» Items from a dataset:
※ ※ ※

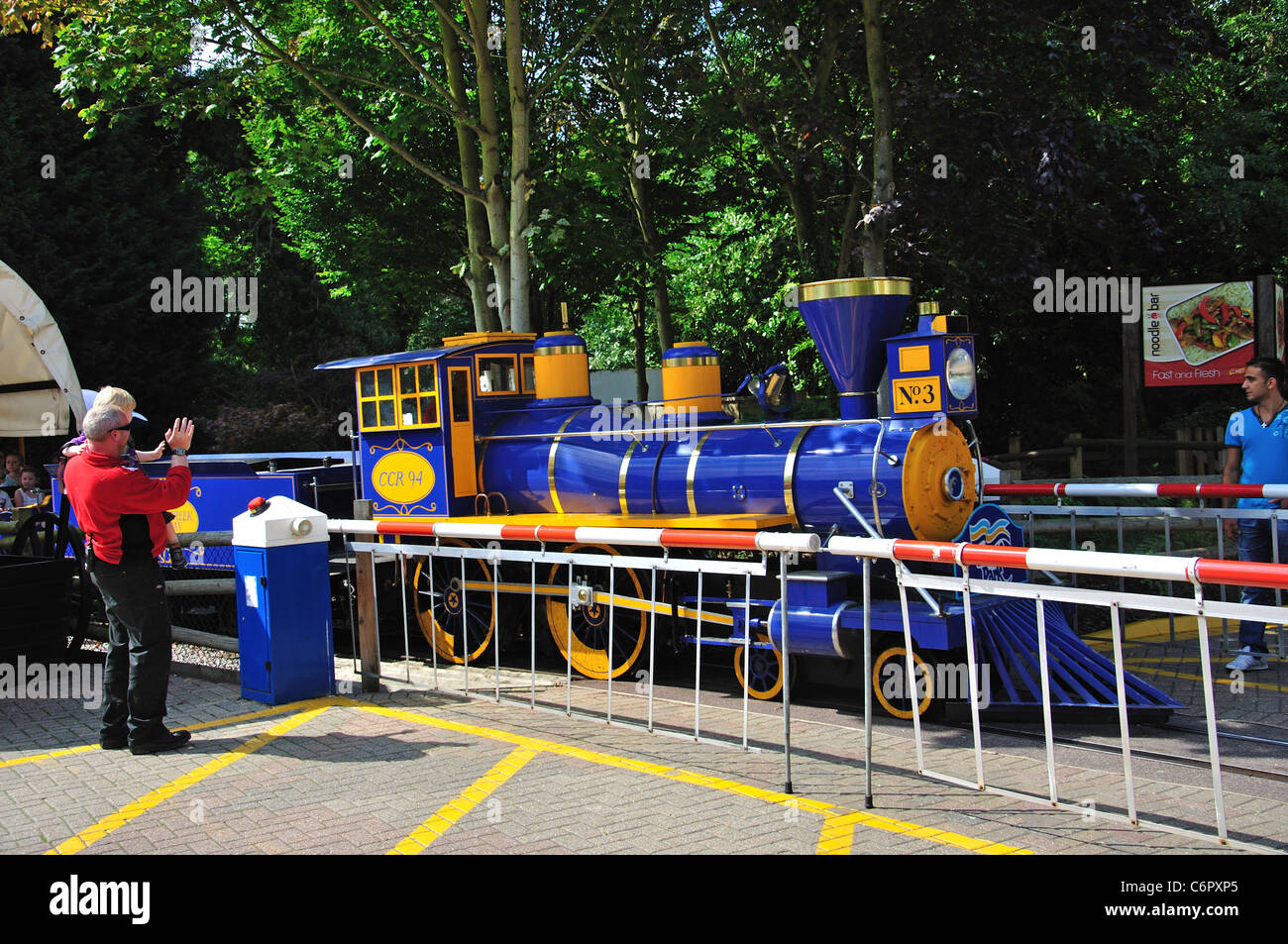 Canada Creek Railway, Thorpe Park Theme Park, Chertsey, Surrey, England, Regno Unito Foto Stock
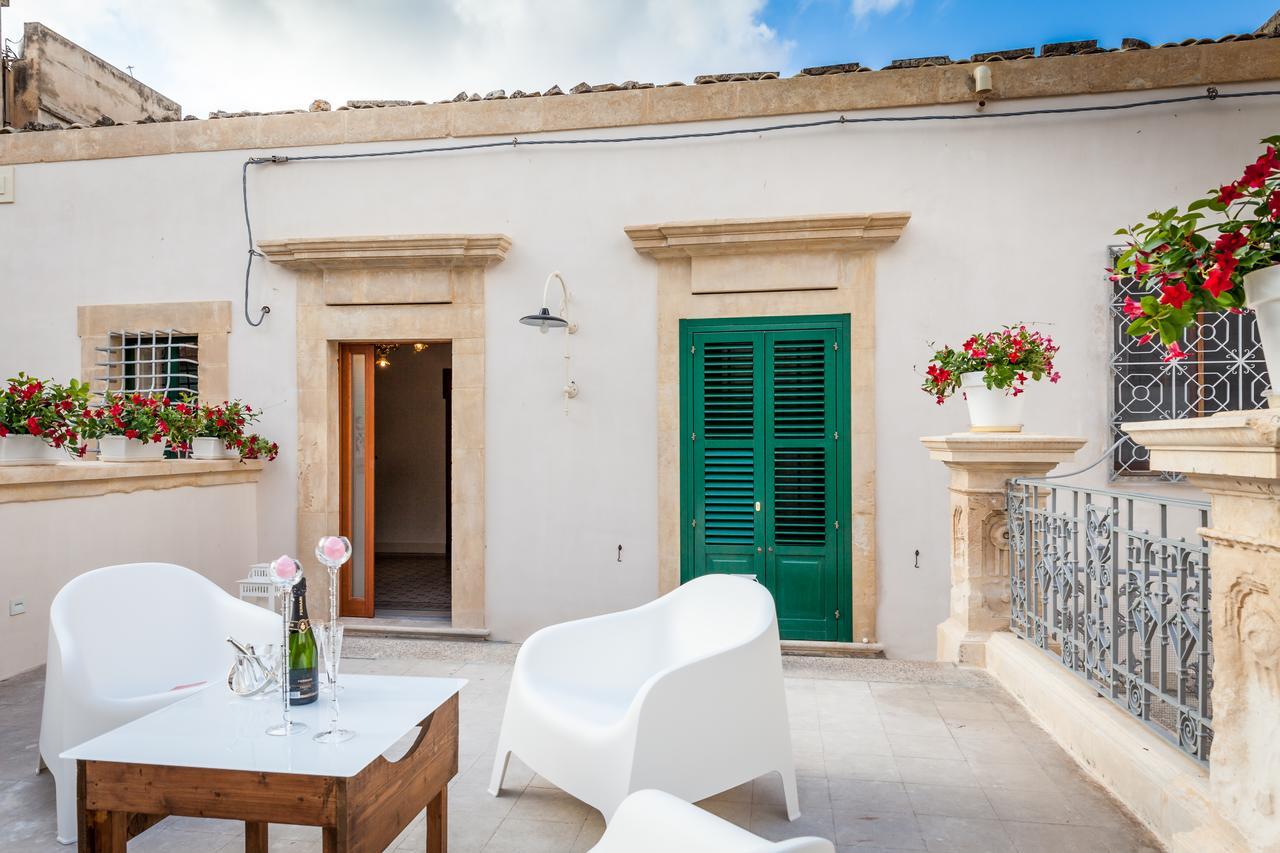 Bed and Breakfast Palazzo Montalbano Шикли Экстерьер фото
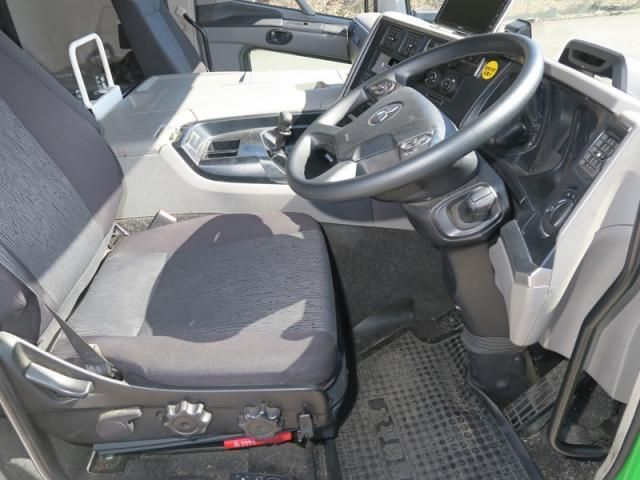 MITSUBISHI FUSOU SUPER GREAT 2019 Image 31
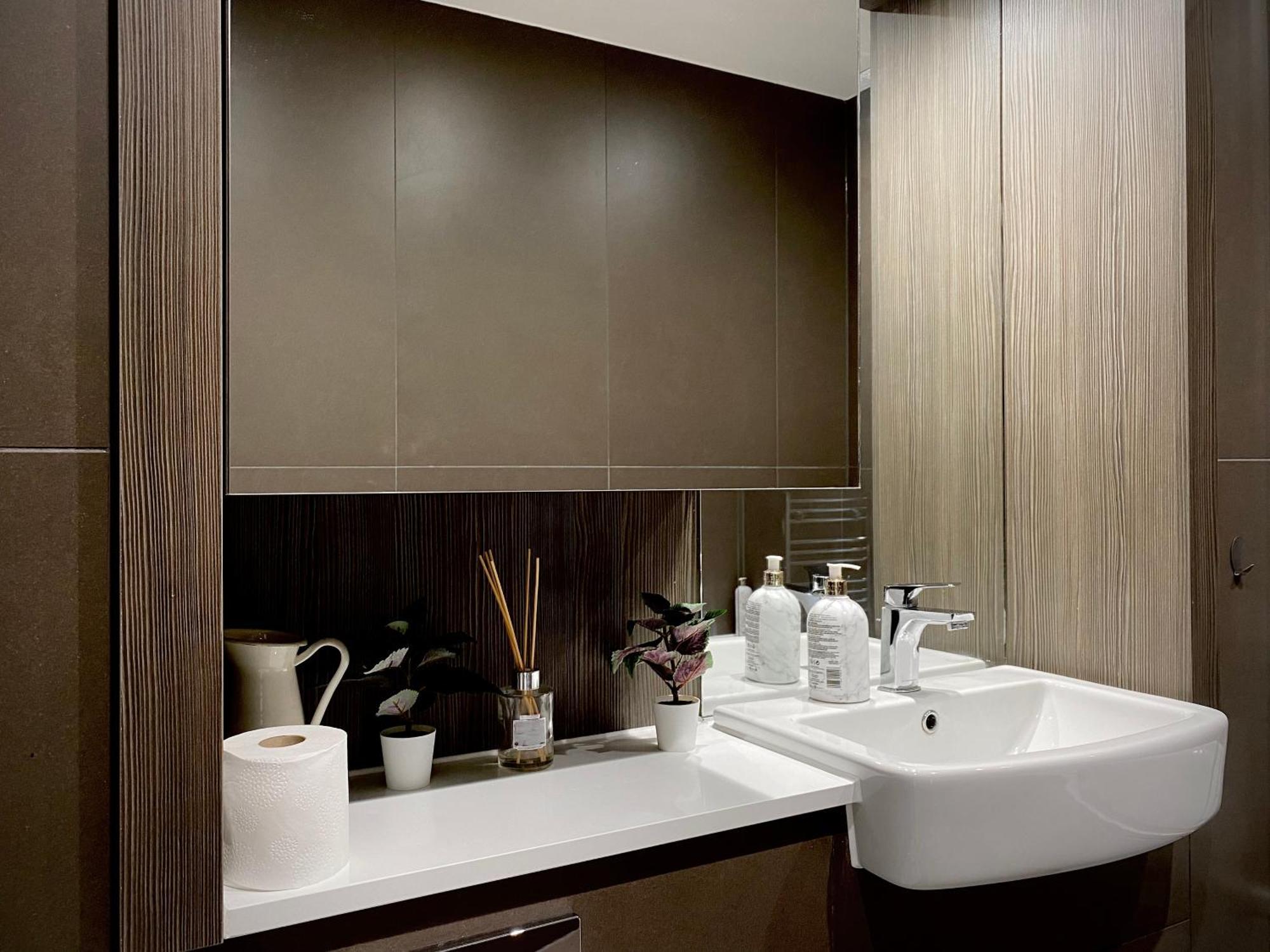 Spacious 2 Bedroom Penthouse Retreat London Exterior photo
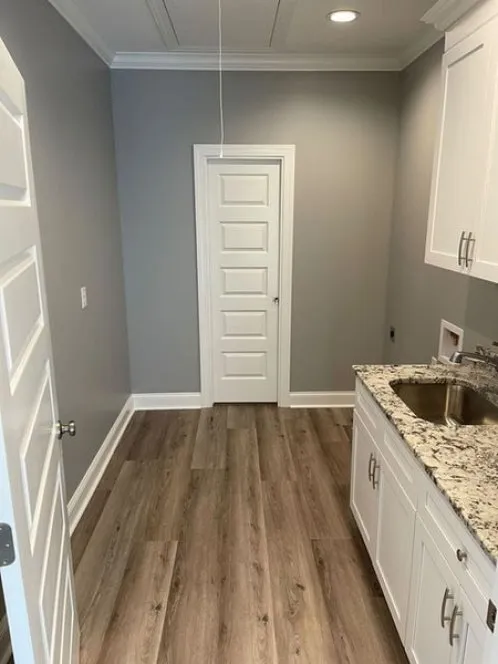 InteriorPhoto for House Plan #900922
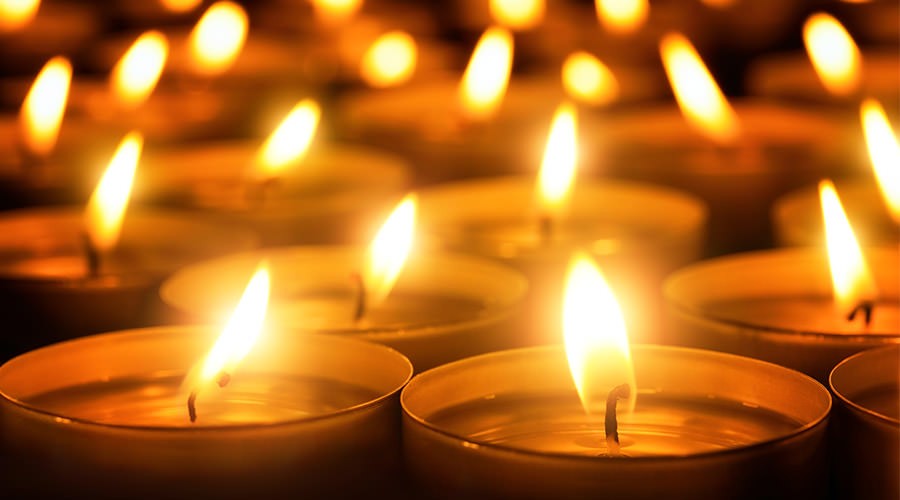 Velas acesas para o Dia da Memória em Nápoles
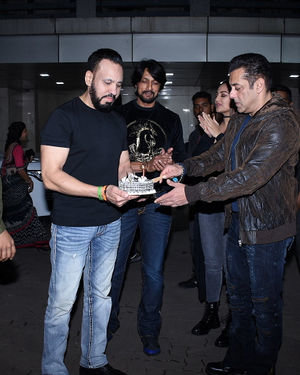 Photos: Salman Khan Birthday Party At Bandra | Picture 1711855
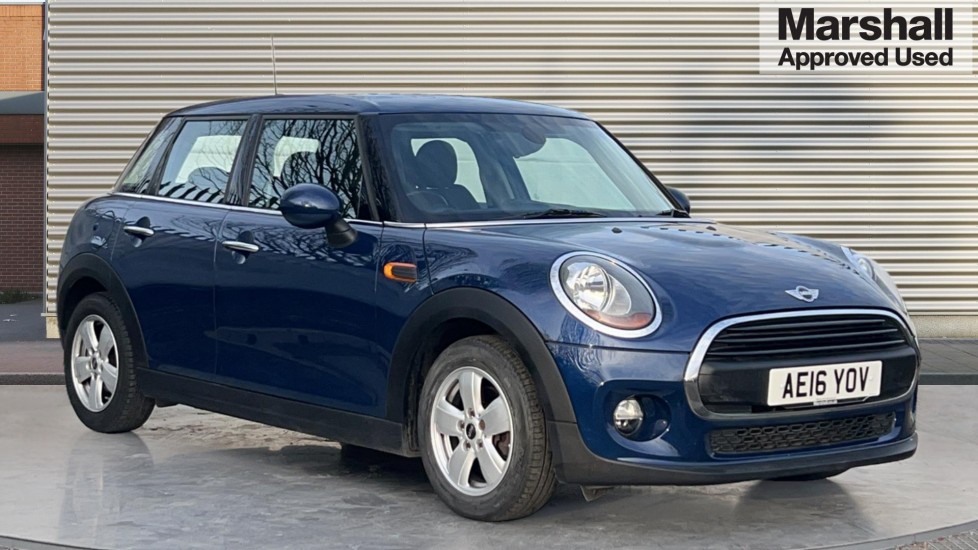 Main listing image - MINI Hatchback 5dr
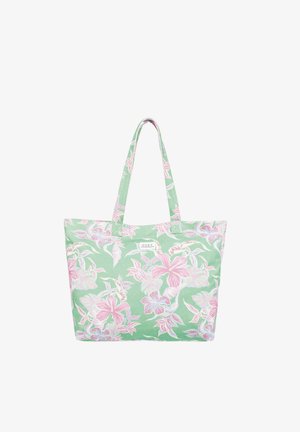 Groene tas met een bloemmotief in roze en wit, met twee handgrepen en een klein label aan de voorkant. Van katoen of canvas.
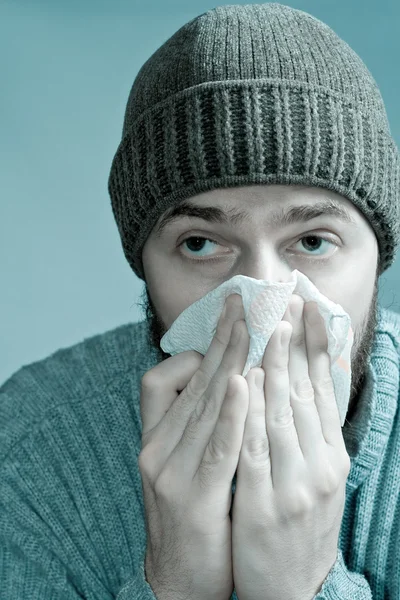 Портрет Хворого Чоловіка Зараженого Вірусом Грипу — стокове фото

※ ※ ※

» What to do: Would you reproduce the lines from the one with "Velas acesas para" through the final line of the data above, exactly and only those, without any pictures?

» Answer section:
 Velas acesas para o Dia da Memória em Nápoles
 Photos: Salman Khan Birthday Party At Bandra | Picture 1711855
 Main listing image - MINI Hatchback 5dr
 Groene tas met een bloemmotief in roze en wit, met twee handgrepen en een klein label aan de voorkant. Van katoen of canvas.
 Портрет Хворого Чоловіка Зараженого Вірусом Грипу — стокове фото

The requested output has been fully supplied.